Quizá ahí está la verdadera complejidad del debate. La moda nunca termina de encajar del todo en las categorías tradicionales del arte porque en la mayoría de los casos, está ligada a quien la lleva. La moda se ocupa, se habita, se mueve, envejece, se arruga y circula socialmente en un complejo sistema. Más allá de museos, archivos o pasarelas, la moda sigue teniendo algo incómodo para el mundo del arte: continúa siendo demasiado humana, y ligada a un concepto comercial.

Las referencias de la Met Gala

En la Met Gala 2026, la respuesta al debate no quedó siempre del todo clara. Si bien muchos looks pudieron considerarse arte, la mayoría recurrieron a la referencia artística literal. El resultado es paradójico: una unión conceptual, pero una separación disciplinaria de la moda como arte. La publicación Vogue US, en su repaso de las referencias artísticas de la noche, recogió muchos de estos estilismos como piezas con fuentes claras. 

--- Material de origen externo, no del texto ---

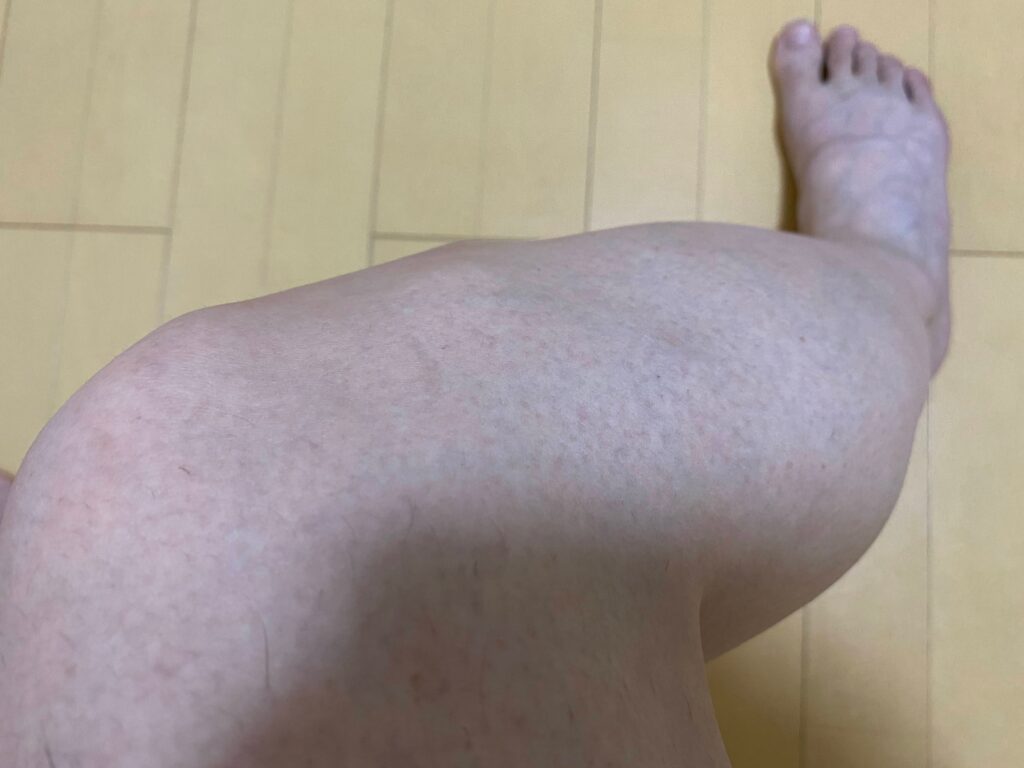 メンズ全身脱毛5回目の結果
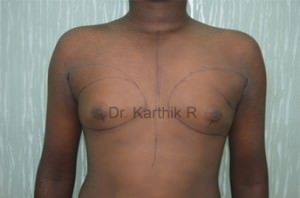 Gynecomastia (Puffy Nipples/ Male Chest Correction)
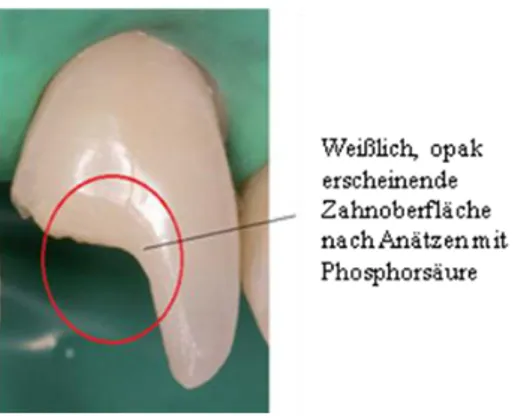 Abb. 12. Beispielhafte Darstellung zur Veranschaulichung der Schmelzoberfläche nach  dem Ätzvorgang mit Phosphorsäure (nach M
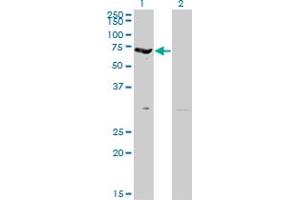 Western Blot analysis of EPB42 expression in transfected 293T cell line by EPB42 monoclonal antibody (M01), clone 2G12. (EPB42 antibody  (AA 623-721))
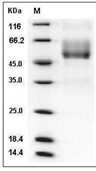 Mucin-1/MUC1 Protein, Human, Recombinant (Isoform Y-LSP, hFc)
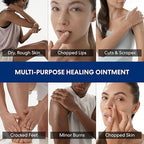 Dermatologist approved intensive therapy balm for eczema prone skin showcasing its thick texture.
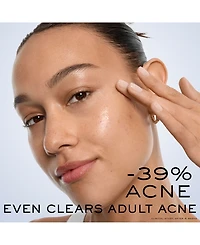 Lancome Clarifique Bx-Interceptor Acne Treatment, 1 oz.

Emma Chamberlain, considerada una de las mejor vestidas de la noche por numerosas publicaciones, llegó de las primeras a la alfombra roja vestida del Mugler de Miguel Castro Freitas. El vestido entrelazaba diferentes referencias, empezando por el vestido Quimera y el Mariposa del Mugler de los 90. La versión puesta en Chamberlain, más líquida y vaporosa, estaba pintada a mano por Anna Deller-Yee con referencias a la Noche estrellada de Vincent Van Gogh

Chloe Malle, nueva editora jefe de contenido, llevó un vestido color melocotón en referencia al cuadro Sol ardiente de junio del pintor inglés Frederic Leighton. Mientras, Gracie Abrams apareció ataviada en Chanel con una interpretación de Retrato de Adele Bloch-Bauer I de Gustav Klimt. 

Algo parecido ocurrió con Hunter Schafer en Prada, inspirada en Mäda Primavesi (también de Klimt). Schafer eligió una referencia más excéntrica y light (muy Prada): flores, blanco, aire jovial y cierta rareza en la proporción. El trabajo del equipo de Prada se centró más alrededor de la atmósfera de la obra, no tanto de la referencia literal. Tanto Kylie como Kendall Jenner hicieron referencia a la Victoria de Samotracia

La noche también mostró que una misma obra puede generar tantas interpretaciones como hay espectadores. John Singer Sargent y su Portrait of Madame X aparecieron varias veces en looks de Claire Foy, Lauren Sánchez Bezos, Rosie Huntington Whiteley y Julianne Moore

Hubo looks que también se acercaron a la performance. Madonna, en cambio, llevó toda una performance. Su look de Saint Laurent, inspirado en Leonora Carrington, vino acompañado de un séquito de modelos sujetando la capa como en el cuadro La tentación de San Antonio. Heidi Klum, con su interpretación de La virgen velada de Giovanni Strazza, transformó totalmente su cuerpo como en sus famosas fiestas de disfraces.